The EHEA has meant a change focusing higher education on the student, on his work, on his personal effort and consideration of his specificities, objectives and needs, and also on lifelong learning, in the autonomy and student commitment, in mobility and in the quality of the institution.
In this space, attention to competences (ECTS) opens up a world of possibilities to achieve the participation of students who face some type of obstacle in their higher education, whether it is due to health, cultural, social, economic or other condition.
And at the same time, it opens the eyes of the teaching staff to take into account the abilities, attitudes and needs of students with disabilities and not their deficiencies. This is the commitment that the space born in Bologna encourages in the teaching staff. A change of attitude and conception towards different capacities
The Universal Design for Learning is a concept that is inspired by the movement of Universal Design emerged in the United States to defend a design without architectural barriers, accessible to all people. In the industry, it refers to the design of services and products that can be used by the widest possible spectrum of individuals without the need to make adaptations or special designs, regardless of their age, capacity or living condition. In the educational world it is nourished by concepts that come from neuroscience and cognitive psychology.
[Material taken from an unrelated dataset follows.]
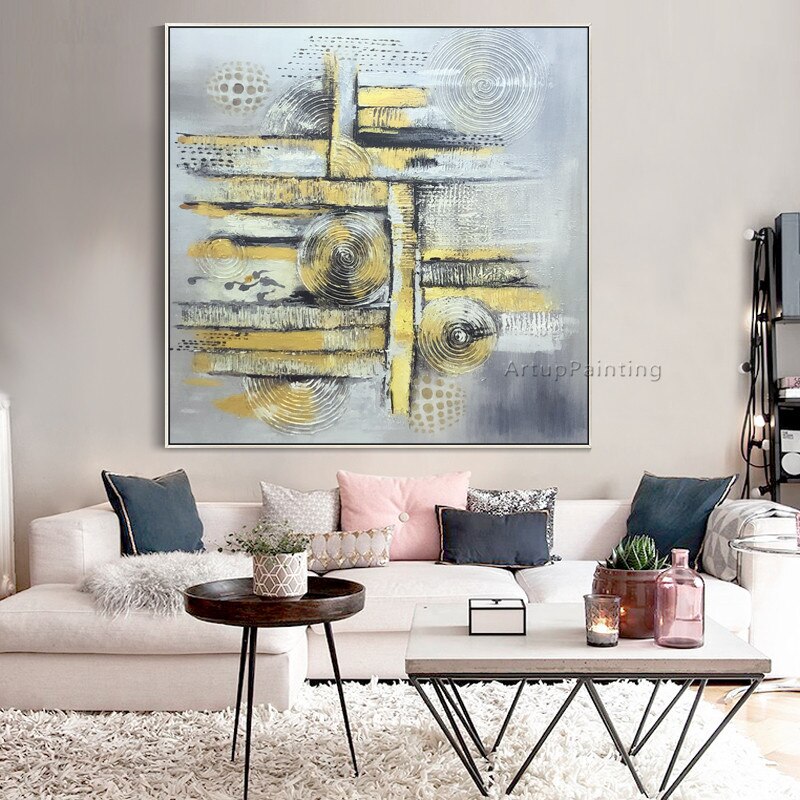 Pinturas al &oacute;leo de Arte de oro abstracto moderno pintadas a mano en lienzo cuadros de arte para sala de estar Decoraci&oacute;n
In the classical view, students are the ones who must adapt to the printed materials, the traditionally used means, so that didactic and material proposals must be made personalized to the needs of the students, to their diversity.
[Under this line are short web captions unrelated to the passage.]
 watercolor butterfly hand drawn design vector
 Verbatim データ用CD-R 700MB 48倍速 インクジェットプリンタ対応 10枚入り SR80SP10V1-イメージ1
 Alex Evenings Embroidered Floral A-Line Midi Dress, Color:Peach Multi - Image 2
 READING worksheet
From the perspective of Universal Design for Learning, the real challenge is to provide learning opportunities in the general education curriculum that are inclusive and effective for all students. That is, from the very beginning of the design of the curriculum, take into account the diversity of the classroom to make proposals that give the opportunity to all students to access and participate.
Provide multiple means of representation: perceptual aspects; language, expressions and symbols; comprehensive
Provide multiple means of action and expression: physical effort; Expression and communication; executive function
Provide multiple means of commitment: capture interest; maintain effort and persistence; self-regulation
Associated with three types of brain networks:
In particular, the principles of the Universal Design for Learning (Universal Instruction Design, UID) according to CAST (Center for Applied Special Technology)
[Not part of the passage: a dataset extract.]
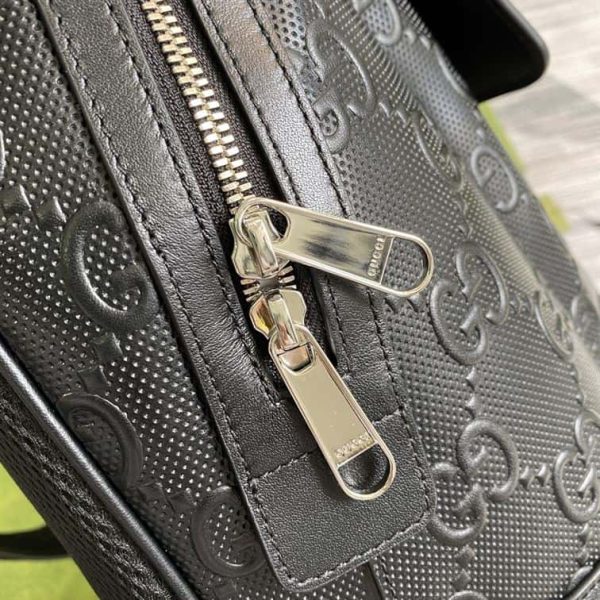 GUCCI LOGO EMBOSSED PERFORATED LEATHER BACKPACK – GC53 - Image 6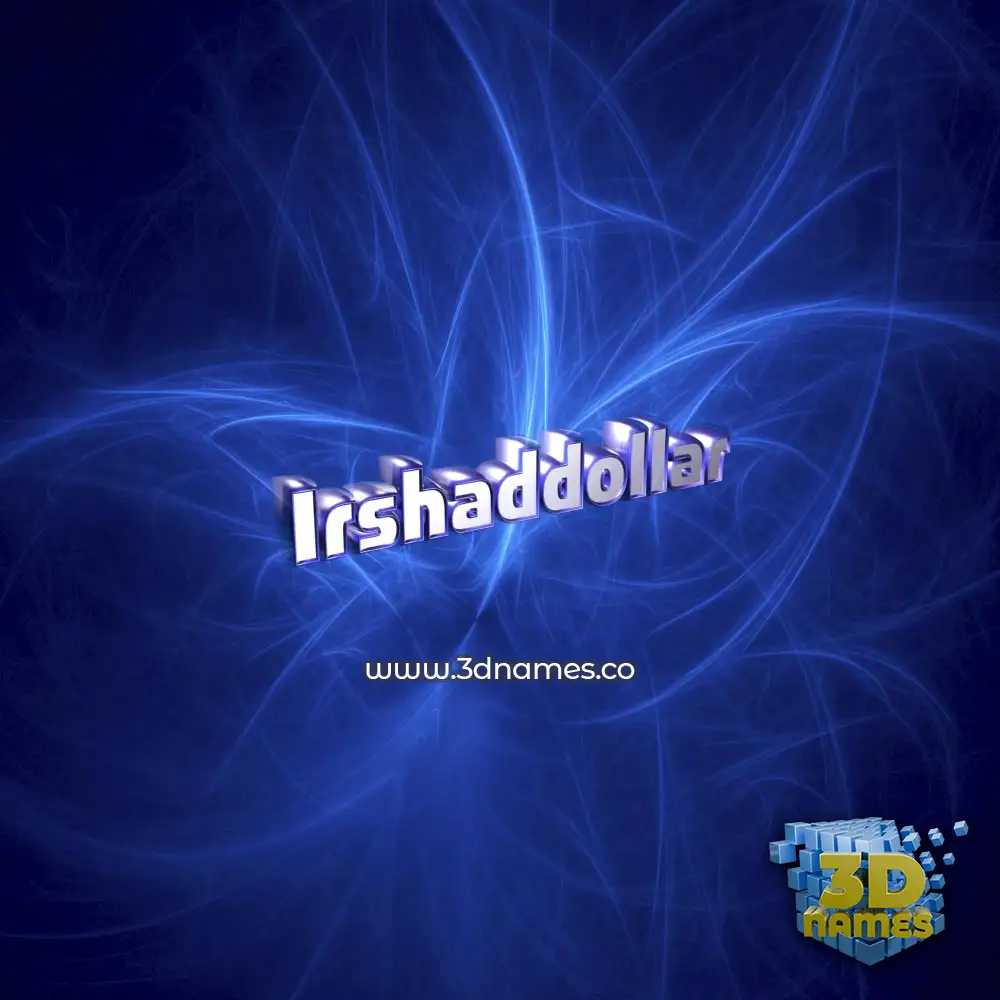 irshaddollar in Plasma style - 3D name wallpaper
"Inclusive Education is a process aimed at addressing the diversity of needs of all students through increasing participation in learning, cultural environments and communities, and at the same time reducing exclusion within and from the educational environment. This requires changing and modifying contents, approaches, structures and strategies, with a common approach that includes all children of the corresponding age group and with the conviction that it is the responsibility of the regular system to educate all children "(UNESCO, 2005).
If everything flows, nothing remains and everything changes for Heraclitus (a.C.), for governments and education systems it could be said that everything remains and nothing changes. The tangible reality is very different from the claim of UNESCO, changes take a long time.
There is nevertheless a need to overcome the debate and generate a real practice that democratises access to education and repairs the gaps in terms of learning outcomes and skills acquisition.
Maybe we will be somehow rescued by the focus on competencies outlined in the EHEA since it shows a wide range of possibilities, so that the definition of the aims pursued in the teaching-learning process is not restricted. Rather, it is a frame of reference that includes knowledge, abilities, and personal skills of students put in place to achieve the objectives set out in the curriculum.
Teachers in this context are not mere spectators, far from it, their role is fundamental as it always has been, to foster a welcoming, accepting, learning-friendly environment, open to addressing the diversity of profiles and ways of learning of the students.
In inclusive education, teachers are encouraged to move from the discourse of deviance that establishes hierarchies by placing each student according to their cognitive skills towards inclusive discourse that emphasizes the learning potential of each student that must be discovered and stimulated in a progressive way.
Following Verdugo and others (2011), the EHEA offers us a new paradigm for the promotion of equal opportunities, the Universal Design for Learning one, and they also describes in their guide a series of performance indicators and good practices that range from accessibility to the physical environment, the virtual space, the academic and the policy and procedures of the university institution in pursuit of achieving performance standards for programs and services for university students with disabilities.